(Assignment) Once the line containing "Angel Di Maria" is found in the entries below, reproduce it and every line after it, stopping at and including the line containing "East Asian man"; reproduce nothing else, and keep each line exact.

##### Task material

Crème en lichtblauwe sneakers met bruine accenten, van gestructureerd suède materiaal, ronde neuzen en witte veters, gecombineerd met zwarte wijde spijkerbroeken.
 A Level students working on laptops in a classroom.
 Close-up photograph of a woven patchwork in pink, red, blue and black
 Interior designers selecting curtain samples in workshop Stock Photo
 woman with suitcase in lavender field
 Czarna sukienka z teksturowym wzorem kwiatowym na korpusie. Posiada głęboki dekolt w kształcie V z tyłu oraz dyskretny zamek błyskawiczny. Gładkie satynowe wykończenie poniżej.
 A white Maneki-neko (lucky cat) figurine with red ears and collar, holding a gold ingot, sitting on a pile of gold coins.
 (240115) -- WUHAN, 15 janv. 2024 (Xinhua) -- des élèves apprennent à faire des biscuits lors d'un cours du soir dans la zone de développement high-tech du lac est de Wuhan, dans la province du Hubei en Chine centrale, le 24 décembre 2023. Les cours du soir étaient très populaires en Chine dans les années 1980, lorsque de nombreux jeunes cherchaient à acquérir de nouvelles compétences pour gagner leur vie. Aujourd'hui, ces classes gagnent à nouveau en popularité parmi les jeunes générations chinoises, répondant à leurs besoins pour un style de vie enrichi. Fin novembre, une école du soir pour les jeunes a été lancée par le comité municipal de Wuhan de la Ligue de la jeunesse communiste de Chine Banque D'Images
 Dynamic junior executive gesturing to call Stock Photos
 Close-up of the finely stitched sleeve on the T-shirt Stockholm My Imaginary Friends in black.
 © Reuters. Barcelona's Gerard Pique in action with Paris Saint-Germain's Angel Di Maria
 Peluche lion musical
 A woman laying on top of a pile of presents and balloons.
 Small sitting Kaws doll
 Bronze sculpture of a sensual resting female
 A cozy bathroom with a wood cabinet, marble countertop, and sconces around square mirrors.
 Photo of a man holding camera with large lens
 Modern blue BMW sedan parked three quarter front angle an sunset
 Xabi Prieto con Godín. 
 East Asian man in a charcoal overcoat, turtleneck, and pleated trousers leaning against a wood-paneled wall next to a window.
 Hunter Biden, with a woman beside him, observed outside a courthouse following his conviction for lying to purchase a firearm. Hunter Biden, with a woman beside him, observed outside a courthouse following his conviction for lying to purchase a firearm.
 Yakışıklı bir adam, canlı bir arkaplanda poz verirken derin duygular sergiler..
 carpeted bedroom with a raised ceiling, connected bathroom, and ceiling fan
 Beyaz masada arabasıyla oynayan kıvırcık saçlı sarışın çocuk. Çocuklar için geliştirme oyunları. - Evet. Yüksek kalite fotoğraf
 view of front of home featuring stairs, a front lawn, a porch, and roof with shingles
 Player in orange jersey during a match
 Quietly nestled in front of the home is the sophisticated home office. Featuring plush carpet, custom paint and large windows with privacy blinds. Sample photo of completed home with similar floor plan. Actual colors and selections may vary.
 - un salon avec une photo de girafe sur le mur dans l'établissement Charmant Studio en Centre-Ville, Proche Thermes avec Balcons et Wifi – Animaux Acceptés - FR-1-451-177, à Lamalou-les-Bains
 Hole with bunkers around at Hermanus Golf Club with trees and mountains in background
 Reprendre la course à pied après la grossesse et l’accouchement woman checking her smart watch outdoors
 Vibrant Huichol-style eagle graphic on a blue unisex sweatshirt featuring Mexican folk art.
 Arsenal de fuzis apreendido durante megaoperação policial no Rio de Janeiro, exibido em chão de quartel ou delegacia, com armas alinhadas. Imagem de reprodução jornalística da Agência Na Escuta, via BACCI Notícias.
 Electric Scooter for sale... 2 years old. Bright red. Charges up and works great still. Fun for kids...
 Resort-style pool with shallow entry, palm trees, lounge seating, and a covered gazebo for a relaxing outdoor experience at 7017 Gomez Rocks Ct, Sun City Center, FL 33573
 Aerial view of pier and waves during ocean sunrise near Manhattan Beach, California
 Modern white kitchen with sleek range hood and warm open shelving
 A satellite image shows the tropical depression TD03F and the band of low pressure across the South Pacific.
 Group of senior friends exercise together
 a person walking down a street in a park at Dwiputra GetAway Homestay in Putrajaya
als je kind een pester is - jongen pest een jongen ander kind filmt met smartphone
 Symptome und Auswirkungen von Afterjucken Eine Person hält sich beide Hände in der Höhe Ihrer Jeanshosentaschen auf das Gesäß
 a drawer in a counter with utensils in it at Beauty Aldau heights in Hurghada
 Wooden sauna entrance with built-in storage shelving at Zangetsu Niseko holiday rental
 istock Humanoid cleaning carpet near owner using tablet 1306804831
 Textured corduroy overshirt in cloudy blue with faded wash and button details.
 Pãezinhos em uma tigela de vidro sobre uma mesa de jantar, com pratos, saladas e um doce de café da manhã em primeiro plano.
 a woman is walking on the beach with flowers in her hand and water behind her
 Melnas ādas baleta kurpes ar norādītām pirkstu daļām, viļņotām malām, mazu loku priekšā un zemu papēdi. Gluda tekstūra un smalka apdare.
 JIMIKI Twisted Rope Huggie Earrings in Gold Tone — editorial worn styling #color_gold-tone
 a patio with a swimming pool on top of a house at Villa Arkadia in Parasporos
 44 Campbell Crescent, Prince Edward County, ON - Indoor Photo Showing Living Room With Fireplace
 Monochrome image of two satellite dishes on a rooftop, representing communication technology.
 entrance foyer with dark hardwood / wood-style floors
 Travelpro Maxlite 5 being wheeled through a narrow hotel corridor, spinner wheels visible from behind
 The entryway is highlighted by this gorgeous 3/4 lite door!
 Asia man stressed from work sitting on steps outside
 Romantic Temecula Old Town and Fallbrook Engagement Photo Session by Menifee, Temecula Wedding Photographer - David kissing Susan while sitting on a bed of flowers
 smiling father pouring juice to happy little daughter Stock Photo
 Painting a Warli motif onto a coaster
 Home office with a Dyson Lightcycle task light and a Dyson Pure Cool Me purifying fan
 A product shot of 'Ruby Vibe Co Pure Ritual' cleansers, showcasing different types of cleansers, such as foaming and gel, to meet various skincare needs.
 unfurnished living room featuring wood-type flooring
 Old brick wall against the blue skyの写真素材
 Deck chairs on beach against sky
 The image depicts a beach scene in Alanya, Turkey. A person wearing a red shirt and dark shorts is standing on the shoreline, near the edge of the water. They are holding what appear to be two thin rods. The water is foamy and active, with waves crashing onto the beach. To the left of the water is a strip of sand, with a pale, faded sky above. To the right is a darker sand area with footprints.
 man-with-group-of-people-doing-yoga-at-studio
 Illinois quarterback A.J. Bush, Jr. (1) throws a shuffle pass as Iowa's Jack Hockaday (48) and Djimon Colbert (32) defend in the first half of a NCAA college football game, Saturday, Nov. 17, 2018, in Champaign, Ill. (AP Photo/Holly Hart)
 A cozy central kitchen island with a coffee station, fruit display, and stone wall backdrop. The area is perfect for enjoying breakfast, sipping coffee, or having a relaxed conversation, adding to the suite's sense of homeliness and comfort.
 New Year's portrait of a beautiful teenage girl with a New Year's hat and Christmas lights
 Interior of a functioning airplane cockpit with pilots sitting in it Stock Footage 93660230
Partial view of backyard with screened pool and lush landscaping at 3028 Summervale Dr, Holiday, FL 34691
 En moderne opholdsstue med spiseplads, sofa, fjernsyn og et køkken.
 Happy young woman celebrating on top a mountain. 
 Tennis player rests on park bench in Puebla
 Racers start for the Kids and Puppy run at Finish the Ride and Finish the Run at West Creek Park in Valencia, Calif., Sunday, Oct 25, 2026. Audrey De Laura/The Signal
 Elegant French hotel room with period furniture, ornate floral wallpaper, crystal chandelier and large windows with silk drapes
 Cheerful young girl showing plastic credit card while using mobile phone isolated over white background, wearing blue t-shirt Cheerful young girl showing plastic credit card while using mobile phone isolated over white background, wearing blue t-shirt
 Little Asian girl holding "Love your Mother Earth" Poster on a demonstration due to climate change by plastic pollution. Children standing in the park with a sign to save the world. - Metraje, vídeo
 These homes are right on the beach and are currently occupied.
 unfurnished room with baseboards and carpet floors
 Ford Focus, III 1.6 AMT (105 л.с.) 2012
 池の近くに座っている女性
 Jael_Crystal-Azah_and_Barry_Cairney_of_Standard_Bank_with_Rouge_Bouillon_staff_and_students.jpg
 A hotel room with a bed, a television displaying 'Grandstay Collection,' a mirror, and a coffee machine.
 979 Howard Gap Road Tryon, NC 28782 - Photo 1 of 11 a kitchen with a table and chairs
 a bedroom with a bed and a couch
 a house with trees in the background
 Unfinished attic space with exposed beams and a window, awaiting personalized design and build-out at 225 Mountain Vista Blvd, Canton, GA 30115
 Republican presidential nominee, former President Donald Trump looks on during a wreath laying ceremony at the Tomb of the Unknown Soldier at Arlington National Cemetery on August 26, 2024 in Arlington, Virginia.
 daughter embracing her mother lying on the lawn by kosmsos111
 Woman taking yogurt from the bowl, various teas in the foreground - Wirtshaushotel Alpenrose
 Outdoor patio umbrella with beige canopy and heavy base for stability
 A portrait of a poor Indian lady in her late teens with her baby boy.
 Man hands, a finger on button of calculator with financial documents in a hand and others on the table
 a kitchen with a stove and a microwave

##########

(Result below)
 © Reuters. Barcelona's Gerard Pique in action with Paris Saint-Germain's Angel Di Maria
 Peluche lion musical
 A woman laying on top of a pile of presents and balloons.
 Small sitting Kaws doll
 Bronze sculpture of a sensual resting female
 A cozy bathroom with a wood cabinet, marble countertop, and sconces around square mirrors.
 Photo of a man holding camera with large lens
 Modern blue BMW sedan parked three quarter front angle an sunset
 Xabi Prieto con Godín. 
 East Asian man in a charcoal overcoat, turtleneck, and pleated trousers leaning against a wood-paneled wall next to a window.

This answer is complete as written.